A rezoning announcement is posted on Spartanburg Highway. At the applicant's request, the Planning Board review has been postponed until Aug. 20.

EAST FLAT ROCK — Facing a broad grassroots campaign against his request, a rezoning applicant seeking permission to build an asphalt plant in East Flat Rock has delayed the request by two months.

Southeastern Asphalt owner Jeff Shipman has applied for a rezoning from community commercial to conditional use to permit the plant, which would operate six days a week and could supply asphalt for the I-26 widening. The plant and associated operations such as loading and raw materials storage would cover 6½ acres of a 12-acre site, the applicants said.
But after opponents fired dozens of questions during a neighborhood compatibility meeting last week— questions they insist remain unanswered — the applicant’s attorney, Brian Gulden, asked the county Planning Board to delay hearing the case until its next meeting. With no meeting scheduled in July, that postpones the Planning Board review until Aug. 20. It’s unclear whether the Planning Board will hold an in-person public hearing then, although that comes a month after the Board of Commissioners plan an in-person public meeting, at West Henderson High School auditorium, to hear another controversial case, for a large housing development at the old Tap Root dairy property.

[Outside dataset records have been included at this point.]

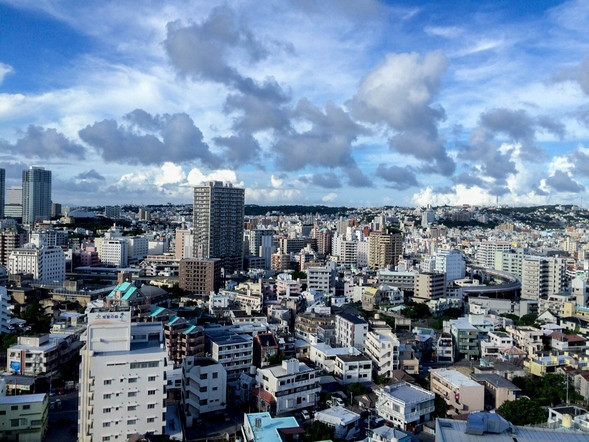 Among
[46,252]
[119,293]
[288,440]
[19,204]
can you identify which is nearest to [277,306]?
[119,293]

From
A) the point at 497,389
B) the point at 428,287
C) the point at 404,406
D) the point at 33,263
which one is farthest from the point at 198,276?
the point at 497,389

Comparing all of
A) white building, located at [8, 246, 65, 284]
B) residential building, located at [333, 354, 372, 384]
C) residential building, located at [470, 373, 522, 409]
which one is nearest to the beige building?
residential building, located at [470, 373, 522, 409]

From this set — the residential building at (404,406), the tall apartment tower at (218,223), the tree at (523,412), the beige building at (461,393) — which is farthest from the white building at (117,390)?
the tall apartment tower at (218,223)

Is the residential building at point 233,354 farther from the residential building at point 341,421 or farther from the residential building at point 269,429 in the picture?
the residential building at point 269,429

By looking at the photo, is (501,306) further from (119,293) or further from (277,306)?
(119,293)

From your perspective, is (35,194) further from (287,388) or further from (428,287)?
(287,388)

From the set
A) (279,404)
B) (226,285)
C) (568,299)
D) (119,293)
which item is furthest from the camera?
(226,285)

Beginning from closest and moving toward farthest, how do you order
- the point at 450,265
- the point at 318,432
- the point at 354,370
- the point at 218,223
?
the point at 318,432 < the point at 354,370 < the point at 450,265 < the point at 218,223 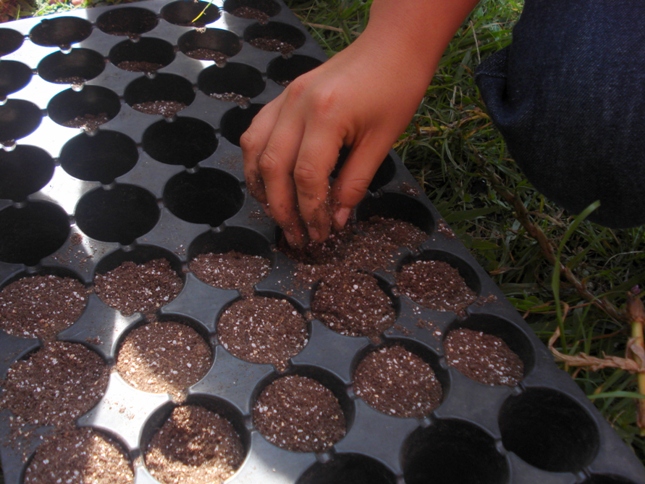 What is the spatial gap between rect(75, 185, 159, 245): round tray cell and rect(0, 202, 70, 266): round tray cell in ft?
0.14

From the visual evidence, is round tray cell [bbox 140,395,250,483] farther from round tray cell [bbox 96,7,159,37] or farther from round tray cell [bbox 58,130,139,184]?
round tray cell [bbox 96,7,159,37]

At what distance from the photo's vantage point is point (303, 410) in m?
0.81

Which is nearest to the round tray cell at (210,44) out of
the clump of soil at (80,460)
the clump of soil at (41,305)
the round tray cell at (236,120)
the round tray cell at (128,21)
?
the round tray cell at (128,21)

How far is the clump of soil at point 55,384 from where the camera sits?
0.76 meters

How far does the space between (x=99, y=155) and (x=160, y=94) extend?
0.20 m

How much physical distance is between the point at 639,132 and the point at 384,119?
0.33 m

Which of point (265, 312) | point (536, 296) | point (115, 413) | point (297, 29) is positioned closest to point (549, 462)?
point (536, 296)

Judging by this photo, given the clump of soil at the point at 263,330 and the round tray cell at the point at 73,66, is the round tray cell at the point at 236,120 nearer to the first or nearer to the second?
the round tray cell at the point at 73,66

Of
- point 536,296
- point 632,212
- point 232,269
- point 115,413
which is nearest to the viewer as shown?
point 115,413

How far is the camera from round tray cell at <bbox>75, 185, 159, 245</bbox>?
1040 millimetres

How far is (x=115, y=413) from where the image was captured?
76 cm

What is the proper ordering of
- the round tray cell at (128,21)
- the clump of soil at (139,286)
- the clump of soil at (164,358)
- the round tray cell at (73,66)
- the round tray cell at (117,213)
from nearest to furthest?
the clump of soil at (164,358) → the clump of soil at (139,286) → the round tray cell at (117,213) → the round tray cell at (73,66) → the round tray cell at (128,21)

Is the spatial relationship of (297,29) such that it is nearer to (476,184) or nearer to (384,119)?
(476,184)

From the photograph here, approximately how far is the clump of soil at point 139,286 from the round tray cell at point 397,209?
0.35 m
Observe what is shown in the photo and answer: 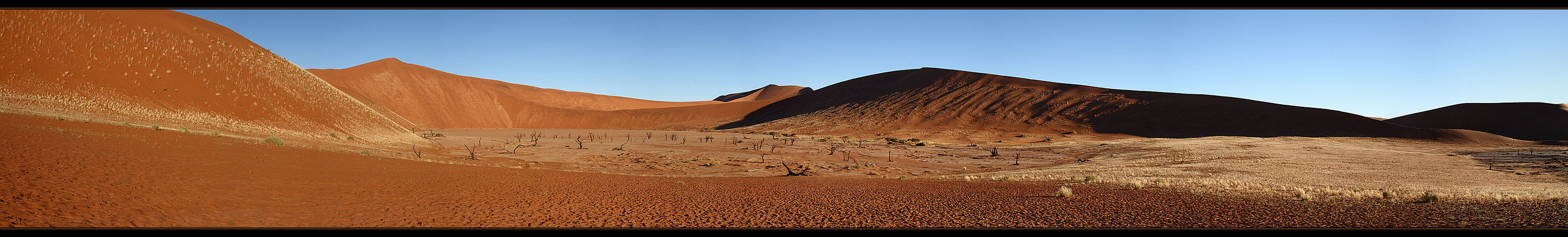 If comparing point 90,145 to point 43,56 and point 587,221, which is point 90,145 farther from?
point 43,56

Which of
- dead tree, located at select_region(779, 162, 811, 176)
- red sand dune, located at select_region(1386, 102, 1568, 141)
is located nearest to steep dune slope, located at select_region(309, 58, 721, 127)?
dead tree, located at select_region(779, 162, 811, 176)

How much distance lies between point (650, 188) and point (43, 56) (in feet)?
107

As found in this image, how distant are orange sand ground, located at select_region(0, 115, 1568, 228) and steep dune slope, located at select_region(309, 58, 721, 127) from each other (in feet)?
236

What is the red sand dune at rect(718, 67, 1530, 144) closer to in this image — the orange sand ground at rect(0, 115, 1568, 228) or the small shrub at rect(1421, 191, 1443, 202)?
the small shrub at rect(1421, 191, 1443, 202)

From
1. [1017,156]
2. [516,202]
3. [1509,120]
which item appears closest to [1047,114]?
[1509,120]

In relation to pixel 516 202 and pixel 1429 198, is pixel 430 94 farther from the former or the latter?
pixel 1429 198

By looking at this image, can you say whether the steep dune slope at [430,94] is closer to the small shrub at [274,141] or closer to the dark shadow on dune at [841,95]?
the dark shadow on dune at [841,95]

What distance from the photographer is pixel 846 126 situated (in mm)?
75625

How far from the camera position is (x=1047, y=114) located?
224ft

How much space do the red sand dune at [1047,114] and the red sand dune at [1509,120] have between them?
9383 millimetres

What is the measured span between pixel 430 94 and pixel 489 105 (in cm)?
1014

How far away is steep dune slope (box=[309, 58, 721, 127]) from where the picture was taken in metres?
84.5

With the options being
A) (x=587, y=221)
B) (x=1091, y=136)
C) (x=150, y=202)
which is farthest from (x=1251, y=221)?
(x=1091, y=136)

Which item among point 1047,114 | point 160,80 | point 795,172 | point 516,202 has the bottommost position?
point 795,172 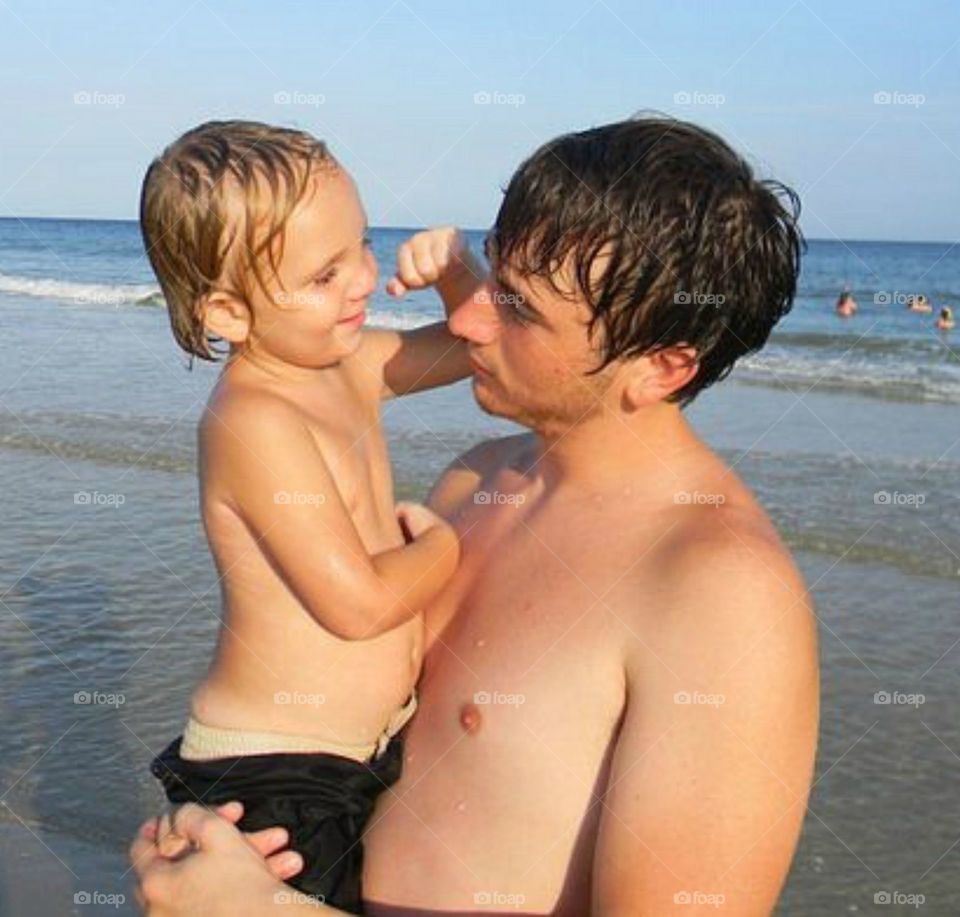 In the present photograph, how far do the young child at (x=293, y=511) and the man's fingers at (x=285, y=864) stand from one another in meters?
0.15

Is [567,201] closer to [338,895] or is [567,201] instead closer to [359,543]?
[359,543]

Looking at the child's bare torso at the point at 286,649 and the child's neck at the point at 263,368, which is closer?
the child's bare torso at the point at 286,649

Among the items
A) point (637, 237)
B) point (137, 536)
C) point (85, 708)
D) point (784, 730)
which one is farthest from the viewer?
point (137, 536)

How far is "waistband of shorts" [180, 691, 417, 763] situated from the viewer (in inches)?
103

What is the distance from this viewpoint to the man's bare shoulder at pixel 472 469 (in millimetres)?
2770

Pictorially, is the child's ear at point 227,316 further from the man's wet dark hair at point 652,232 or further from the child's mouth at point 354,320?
the man's wet dark hair at point 652,232

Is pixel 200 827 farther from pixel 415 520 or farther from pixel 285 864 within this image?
pixel 415 520

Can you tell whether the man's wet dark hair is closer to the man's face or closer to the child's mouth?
the man's face

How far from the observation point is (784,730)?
1.86 meters

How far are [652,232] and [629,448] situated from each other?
381 mm

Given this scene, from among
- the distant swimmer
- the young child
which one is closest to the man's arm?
the young child

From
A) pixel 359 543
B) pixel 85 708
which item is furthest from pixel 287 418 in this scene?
pixel 85 708

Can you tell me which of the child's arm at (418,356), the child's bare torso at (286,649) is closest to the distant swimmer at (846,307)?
the child's arm at (418,356)

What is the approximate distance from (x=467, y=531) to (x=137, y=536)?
5.40 m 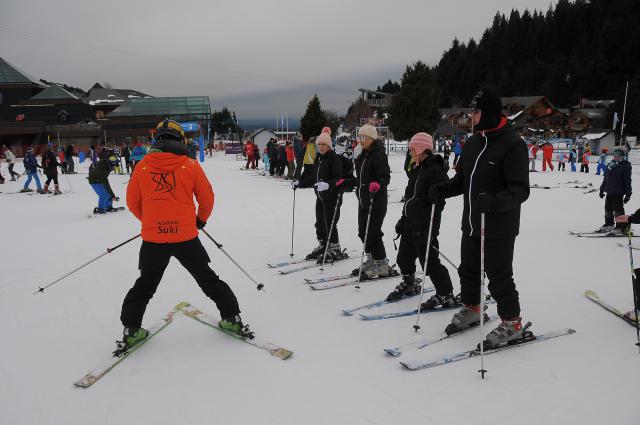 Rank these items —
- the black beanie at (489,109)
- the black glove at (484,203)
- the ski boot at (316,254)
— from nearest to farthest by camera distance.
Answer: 1. the black glove at (484,203)
2. the black beanie at (489,109)
3. the ski boot at (316,254)

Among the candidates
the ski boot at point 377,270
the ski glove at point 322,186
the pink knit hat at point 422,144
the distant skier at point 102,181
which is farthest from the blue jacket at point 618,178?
the distant skier at point 102,181

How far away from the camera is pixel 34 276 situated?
5.66m

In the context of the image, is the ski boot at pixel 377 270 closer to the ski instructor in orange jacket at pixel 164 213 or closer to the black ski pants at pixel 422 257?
the black ski pants at pixel 422 257

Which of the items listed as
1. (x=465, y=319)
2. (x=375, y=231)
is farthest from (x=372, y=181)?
(x=465, y=319)

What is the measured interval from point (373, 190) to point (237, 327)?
212 centimetres

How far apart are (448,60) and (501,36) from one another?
13602 mm

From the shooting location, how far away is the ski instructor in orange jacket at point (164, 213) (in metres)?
3.22

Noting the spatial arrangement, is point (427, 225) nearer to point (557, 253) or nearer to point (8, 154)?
point (557, 253)

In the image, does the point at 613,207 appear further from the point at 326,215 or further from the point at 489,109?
the point at 489,109

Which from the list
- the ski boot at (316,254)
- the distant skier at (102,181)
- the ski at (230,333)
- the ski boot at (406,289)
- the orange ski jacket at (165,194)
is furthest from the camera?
the distant skier at (102,181)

“We referred to it on our website as ‘to be determined’ but clearly that would be our hope” to hold an in-person meeting, said John Mitchell, the county’s director of business and community development. “You can tell by statements from the governor’s office that no one can tell where we’ll be next month and where we’ll be the month after that.”
The delay in the asphalt plant application comes as the campaign to stop the rezoning is gaining more steam. One of the leaders of the campaign, Michelle Tennant, said during the public meeting via Zoom last week that the electronic means is inadequately serving the elderly, poorer people and Latinos who are less connected.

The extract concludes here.